◆ ASSIGNMENT:
Below is some data. Retype exactly the lines starting at the one with "Papa sceglie un" and ending at the one with "Paisaje con lago".

◆ GIVEN RECORDS:
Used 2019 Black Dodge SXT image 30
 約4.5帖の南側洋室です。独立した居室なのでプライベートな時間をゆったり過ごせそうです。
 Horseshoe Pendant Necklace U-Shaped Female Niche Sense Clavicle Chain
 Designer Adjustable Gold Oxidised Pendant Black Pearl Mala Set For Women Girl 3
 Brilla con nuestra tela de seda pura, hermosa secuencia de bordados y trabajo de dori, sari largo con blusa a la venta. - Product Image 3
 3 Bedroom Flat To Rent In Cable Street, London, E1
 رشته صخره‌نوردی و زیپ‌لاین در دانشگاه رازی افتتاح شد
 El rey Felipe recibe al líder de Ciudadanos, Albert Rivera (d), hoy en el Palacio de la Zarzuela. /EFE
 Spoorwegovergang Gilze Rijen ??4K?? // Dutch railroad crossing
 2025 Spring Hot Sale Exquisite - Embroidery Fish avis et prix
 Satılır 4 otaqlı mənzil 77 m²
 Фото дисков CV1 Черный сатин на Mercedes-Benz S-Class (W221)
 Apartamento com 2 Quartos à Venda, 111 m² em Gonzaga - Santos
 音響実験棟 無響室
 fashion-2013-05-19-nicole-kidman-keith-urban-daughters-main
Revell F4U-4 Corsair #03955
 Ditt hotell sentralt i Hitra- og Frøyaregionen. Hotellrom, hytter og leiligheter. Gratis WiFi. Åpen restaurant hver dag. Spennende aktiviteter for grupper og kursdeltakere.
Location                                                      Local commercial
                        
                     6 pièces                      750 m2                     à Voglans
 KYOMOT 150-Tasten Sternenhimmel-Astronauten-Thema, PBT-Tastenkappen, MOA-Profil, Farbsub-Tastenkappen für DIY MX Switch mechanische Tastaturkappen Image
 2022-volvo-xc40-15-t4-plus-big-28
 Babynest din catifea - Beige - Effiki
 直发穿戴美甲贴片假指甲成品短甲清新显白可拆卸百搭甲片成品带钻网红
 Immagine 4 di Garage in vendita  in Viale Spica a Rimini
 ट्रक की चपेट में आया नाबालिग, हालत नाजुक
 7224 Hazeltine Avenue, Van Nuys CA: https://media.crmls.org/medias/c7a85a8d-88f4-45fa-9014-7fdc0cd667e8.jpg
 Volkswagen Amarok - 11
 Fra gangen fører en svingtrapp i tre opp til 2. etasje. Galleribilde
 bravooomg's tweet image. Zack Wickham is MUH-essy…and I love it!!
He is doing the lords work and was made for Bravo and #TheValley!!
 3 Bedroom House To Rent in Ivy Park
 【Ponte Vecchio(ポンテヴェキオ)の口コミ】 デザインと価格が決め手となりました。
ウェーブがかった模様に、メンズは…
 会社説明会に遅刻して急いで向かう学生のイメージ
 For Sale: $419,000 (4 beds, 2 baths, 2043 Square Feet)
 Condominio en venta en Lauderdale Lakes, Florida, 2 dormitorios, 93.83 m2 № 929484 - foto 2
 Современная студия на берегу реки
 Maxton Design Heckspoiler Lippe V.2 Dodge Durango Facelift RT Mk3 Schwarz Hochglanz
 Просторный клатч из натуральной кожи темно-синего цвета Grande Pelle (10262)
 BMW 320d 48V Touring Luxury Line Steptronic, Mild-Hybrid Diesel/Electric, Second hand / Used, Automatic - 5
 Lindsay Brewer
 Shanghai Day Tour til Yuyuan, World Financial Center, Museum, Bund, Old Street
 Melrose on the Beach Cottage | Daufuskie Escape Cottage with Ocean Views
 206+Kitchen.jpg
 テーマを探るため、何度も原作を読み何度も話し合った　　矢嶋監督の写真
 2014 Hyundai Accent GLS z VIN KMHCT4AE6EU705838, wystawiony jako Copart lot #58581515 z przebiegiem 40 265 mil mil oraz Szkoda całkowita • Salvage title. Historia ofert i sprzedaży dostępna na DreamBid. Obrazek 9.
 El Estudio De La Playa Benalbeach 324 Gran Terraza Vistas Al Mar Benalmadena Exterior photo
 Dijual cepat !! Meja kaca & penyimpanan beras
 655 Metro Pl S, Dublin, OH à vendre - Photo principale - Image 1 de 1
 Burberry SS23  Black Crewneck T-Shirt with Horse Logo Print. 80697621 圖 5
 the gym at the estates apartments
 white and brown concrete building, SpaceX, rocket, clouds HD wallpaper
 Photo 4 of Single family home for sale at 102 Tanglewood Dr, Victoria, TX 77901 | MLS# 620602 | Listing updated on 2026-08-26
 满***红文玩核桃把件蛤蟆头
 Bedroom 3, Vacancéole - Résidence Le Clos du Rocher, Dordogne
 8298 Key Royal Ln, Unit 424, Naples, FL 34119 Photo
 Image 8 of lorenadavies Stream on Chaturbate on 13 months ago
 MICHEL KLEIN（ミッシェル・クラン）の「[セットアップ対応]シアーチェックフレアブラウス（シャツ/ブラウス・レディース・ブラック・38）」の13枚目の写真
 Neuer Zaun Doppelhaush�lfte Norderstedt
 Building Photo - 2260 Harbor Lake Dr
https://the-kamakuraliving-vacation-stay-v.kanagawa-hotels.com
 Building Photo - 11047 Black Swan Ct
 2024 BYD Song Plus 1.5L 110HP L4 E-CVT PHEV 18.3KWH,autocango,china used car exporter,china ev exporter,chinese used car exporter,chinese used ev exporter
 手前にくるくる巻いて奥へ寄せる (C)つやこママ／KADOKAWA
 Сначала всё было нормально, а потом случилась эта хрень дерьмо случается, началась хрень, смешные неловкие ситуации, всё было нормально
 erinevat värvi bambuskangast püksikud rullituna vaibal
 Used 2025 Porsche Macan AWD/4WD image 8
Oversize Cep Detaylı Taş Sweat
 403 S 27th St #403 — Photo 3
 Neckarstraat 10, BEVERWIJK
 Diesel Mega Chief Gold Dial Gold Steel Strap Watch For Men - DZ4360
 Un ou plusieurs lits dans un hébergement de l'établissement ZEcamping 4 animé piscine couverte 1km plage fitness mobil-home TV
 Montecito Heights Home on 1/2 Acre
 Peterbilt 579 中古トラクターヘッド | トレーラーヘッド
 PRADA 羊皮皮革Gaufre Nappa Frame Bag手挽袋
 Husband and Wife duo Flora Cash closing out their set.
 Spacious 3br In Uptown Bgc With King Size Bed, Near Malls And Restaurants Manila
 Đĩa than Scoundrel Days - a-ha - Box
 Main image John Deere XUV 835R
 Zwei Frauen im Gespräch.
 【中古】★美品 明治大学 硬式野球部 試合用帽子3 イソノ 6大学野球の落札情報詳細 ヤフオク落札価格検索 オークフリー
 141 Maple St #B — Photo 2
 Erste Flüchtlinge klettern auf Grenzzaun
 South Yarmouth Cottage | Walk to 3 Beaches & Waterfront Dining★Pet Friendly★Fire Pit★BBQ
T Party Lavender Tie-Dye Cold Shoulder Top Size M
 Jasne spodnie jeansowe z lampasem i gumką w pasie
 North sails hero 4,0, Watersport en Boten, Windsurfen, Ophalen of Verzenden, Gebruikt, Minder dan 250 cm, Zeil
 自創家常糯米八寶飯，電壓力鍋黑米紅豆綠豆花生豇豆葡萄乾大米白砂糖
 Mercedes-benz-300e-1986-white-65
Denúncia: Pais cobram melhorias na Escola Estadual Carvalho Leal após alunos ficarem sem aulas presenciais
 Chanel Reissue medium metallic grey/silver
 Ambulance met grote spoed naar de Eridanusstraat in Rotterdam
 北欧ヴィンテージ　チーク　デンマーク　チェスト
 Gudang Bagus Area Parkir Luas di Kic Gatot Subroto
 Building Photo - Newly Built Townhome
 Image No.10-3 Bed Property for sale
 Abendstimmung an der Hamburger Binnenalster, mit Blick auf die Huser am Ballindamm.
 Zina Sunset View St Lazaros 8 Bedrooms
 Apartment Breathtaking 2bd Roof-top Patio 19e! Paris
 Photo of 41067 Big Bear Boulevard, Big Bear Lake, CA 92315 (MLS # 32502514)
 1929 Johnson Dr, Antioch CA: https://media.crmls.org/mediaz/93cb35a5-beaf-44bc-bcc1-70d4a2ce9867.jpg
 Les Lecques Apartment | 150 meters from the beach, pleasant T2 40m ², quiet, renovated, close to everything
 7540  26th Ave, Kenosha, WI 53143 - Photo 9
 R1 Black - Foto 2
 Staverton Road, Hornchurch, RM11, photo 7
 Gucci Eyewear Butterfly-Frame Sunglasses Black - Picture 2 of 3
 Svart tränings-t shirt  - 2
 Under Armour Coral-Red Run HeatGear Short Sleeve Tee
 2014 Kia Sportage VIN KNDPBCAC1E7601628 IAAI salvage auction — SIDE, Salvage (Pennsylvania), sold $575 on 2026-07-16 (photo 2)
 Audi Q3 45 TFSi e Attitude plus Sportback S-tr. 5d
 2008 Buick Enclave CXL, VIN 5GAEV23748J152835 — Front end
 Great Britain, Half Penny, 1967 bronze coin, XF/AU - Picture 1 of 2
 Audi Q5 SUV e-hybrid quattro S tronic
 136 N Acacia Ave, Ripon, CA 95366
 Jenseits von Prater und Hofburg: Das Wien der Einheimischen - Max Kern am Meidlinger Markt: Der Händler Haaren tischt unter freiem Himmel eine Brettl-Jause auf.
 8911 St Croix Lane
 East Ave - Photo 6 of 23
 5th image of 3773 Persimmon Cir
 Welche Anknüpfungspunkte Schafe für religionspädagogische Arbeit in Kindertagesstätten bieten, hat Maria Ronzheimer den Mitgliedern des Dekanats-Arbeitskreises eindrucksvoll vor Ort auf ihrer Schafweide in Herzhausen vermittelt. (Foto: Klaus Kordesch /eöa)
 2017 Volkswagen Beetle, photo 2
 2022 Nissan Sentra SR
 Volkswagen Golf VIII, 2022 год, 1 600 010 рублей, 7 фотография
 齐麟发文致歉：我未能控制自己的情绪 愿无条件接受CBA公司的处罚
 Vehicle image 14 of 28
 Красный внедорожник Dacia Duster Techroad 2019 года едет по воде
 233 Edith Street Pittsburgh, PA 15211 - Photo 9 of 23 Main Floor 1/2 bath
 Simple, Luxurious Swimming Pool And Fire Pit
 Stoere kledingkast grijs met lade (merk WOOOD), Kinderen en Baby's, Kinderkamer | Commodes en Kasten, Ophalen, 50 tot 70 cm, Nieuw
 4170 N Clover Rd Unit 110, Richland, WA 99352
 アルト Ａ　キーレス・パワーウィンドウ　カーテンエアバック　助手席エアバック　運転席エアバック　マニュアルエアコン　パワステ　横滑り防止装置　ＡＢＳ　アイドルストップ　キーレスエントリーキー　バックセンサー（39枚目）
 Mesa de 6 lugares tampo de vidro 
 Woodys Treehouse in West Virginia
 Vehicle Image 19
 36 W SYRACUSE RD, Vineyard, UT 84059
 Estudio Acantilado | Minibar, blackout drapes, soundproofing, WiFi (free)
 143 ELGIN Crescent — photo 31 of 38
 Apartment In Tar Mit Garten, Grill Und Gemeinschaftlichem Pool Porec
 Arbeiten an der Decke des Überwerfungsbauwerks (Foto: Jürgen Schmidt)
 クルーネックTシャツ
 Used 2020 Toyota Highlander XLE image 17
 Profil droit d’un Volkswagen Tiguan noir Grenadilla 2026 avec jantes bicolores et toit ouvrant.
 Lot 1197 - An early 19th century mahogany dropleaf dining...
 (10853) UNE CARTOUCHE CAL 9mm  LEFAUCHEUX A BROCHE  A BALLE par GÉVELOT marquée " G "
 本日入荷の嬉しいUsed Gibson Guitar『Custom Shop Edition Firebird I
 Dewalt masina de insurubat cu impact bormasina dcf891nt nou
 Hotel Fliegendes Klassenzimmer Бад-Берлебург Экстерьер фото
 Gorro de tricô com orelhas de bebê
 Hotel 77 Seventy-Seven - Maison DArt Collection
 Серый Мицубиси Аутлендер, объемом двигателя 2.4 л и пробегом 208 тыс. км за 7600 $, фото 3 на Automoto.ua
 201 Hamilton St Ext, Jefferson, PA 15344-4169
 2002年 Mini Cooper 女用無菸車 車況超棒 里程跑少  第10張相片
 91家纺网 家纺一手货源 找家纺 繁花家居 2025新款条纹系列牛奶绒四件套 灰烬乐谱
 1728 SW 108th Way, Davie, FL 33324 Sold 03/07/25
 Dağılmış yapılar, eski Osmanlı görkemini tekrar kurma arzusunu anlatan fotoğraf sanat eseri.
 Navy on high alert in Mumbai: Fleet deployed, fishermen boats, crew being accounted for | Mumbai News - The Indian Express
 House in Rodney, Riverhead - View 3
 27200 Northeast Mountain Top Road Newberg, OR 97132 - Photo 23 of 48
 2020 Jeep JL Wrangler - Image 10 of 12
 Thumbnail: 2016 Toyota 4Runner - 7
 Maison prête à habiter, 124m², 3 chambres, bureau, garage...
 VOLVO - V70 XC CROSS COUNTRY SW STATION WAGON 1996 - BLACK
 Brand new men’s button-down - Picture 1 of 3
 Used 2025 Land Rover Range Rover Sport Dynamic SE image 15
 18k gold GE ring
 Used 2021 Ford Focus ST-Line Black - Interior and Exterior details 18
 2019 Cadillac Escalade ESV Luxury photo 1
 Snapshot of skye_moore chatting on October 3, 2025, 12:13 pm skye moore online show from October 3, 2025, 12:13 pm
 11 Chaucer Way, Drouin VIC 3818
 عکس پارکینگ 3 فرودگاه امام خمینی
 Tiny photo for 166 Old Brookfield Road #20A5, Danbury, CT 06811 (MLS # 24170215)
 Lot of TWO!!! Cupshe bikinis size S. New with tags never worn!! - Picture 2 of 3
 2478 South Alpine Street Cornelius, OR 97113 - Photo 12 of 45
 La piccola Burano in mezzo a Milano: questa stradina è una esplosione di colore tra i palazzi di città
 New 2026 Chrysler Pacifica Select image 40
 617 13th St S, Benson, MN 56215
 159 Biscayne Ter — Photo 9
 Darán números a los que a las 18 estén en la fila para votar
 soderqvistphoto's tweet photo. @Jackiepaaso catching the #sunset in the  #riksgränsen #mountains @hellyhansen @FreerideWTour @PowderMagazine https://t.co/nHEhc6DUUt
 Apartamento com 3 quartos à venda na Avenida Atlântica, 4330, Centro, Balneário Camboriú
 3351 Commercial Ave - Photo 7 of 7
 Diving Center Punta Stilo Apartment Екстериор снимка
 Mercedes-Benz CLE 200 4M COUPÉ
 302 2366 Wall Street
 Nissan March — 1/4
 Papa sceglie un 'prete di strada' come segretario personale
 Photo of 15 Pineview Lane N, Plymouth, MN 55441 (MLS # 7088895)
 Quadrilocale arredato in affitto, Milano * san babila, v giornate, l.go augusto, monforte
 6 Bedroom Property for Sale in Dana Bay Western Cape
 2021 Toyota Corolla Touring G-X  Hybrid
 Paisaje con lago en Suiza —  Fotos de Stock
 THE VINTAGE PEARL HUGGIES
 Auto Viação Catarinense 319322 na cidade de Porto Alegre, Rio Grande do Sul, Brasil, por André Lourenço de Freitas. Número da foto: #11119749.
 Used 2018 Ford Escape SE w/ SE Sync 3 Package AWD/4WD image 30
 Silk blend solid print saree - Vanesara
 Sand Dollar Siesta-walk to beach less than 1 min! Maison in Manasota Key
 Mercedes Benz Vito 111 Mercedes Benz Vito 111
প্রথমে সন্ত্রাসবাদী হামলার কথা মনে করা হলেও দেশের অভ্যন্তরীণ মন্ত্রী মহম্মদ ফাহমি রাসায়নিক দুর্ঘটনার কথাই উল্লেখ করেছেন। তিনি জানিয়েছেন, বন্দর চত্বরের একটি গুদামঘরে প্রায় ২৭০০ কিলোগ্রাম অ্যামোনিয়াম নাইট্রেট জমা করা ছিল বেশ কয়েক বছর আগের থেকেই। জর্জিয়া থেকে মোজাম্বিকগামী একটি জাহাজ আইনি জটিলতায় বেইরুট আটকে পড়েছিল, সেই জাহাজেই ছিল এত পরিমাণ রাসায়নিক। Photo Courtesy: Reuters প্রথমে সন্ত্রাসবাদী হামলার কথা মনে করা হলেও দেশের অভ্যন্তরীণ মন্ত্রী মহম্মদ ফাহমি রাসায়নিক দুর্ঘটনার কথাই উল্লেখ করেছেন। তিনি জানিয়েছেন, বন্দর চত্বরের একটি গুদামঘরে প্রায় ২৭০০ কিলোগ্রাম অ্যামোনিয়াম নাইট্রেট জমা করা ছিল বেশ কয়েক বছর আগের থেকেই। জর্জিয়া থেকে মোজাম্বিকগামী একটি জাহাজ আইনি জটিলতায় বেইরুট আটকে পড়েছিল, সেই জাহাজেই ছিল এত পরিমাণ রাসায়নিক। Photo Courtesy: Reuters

◆ REPLY TO THE EXERCISE:
 Papa sceglie un 'prete di strada' come segretario personale
 Photo of 15 Pineview Lane N, Plymouth, MN 55441 (MLS # 7088895)
 Quadrilocale arredato in affitto, Milano * san babila, v giornate, l.go augusto, monforte
 6 Bedroom Property for Sale in Dana Bay Western Cape
 2021 Toyota Corolla Touring G-X  Hybrid
 Paisaje con lago en Suiza —  Fotos de Stock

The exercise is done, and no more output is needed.